● **RECORDS**:
§

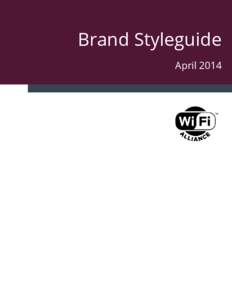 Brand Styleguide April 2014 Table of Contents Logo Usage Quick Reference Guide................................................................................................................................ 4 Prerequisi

§

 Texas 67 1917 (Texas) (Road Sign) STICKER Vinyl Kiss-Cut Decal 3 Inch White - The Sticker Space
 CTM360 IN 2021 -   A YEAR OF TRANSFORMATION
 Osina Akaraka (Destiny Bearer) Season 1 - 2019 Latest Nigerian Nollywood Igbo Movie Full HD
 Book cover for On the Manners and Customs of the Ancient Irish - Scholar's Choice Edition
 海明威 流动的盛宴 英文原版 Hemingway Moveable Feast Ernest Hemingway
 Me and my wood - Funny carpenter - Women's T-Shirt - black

§

● **PROMPT**: Among the records above, repeat exactly the line with "海明威 流动的盛宴 英文原版", the line with "Me and my wood", and every line in between, and only those.

● **WRITTEN RESPONSE**:
 海明威 流动的盛宴 英文原版 Hemingway Moveable Feast Ernest Hemingway
 Me and my wood - Funny carpenter - Women's T-Shirt - black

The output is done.